In order to improve the defects of the traditional algorithm, the invention adopts a new algorithm, which not only improves the positioning precision, but also can accelerate the positioning speed, and meanwhile, the output of the algorithm can be used as the final positioning result of a scene with the one-dimensional positioning requirement of less than 2m error, and the accurate positioning is not needed.
Disclosure of Invention
The invention aims to solve the problems that the matching precision of a traditional algorithm is poor in an initial stage, time consumption is not constant, and requirements for an offline database are high, and provides an indoor visual positioning method based on image global feature principal component linear regression.
An indoor visual positioning method based on image global feature principal component linear regression (PCLR-GIST) comprises the following steps:
the method comprises the following steps: extracting characteristic information of the video database image by using an image global characteristic algorithm to obtain a characteristic information sample matrix;
step two: extracting principal components of the database image feature information by using a principal component analysis algorithm for the feature information extracted in the step one;
step three: mapping the position information corresponding to the video frame and the characteristic information extracted in the first step by using a linear regression algorithm for the principal component of the database image characteristic information extracted in the second step to generate a positioning model;
step four: extracting characteristic information of the user positioning image by using a GIST algorithm;
step five: and inputting the feature information extracted in the fourth step into the positioning model generated in the third step to obtain the user position and the database video frame to be accurately matched.

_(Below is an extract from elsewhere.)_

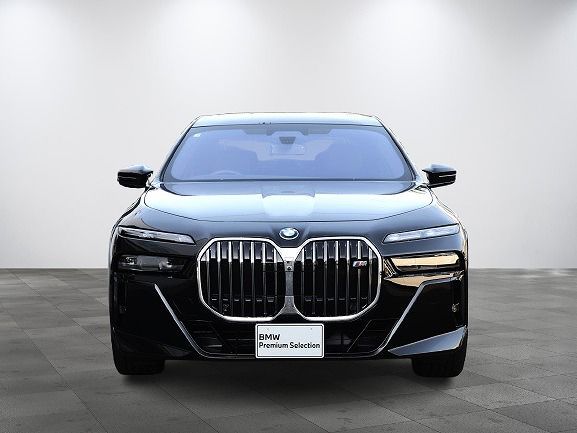 BMW i7 M70 xDrive Sedan RHD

The invention has the beneficial effects that:
when the method is used for indoor visual rough positioning, the required time is shorter, the precision is higher, under the same positioning scene, the method has no any requirement on an offline database, the traditional clustering algorithm needs to select a specific frame as a representative of a cluster according to the scene, the precise measurement needs to be carried out during selection, and the positioning speed is higher under the condition of adopting rough-precise matching. And in the off-line stage, a GIST algorithm, a PCA algorithm and an LR algorithm are adopted to generate a positioning model, and in the on-line stage, according to the GIST characteristics of the user positioning image, the rough estimation of the user position and the output of the video frame of the reference database required in the accurate positioning stage are completed in one step.

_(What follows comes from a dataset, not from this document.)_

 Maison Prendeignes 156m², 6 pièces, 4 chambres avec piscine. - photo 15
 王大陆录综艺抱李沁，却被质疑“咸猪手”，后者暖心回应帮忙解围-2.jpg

According to the experimental result, in the same positioning scene, the mean value of the time required by positioning is only 0.25ms, while the mean value of the time consumed by the traditional clustering algorithm is 0.35ms, when the positioning is carried out by using the method, the required time is reduced by about 30% compared with the traditional clustering algorithm, and the positioning precision is also greatly improved compared with the traditional clustering algorithm. The average error of one-dimensional positioning is 0.67m, the minimum positioning error is 0m, and the maximum positioning error is 1.98 m. The confidence probability of the positioning error of the invention within 1m is close to 80%, while the traditional clustering algorithm is only 60%.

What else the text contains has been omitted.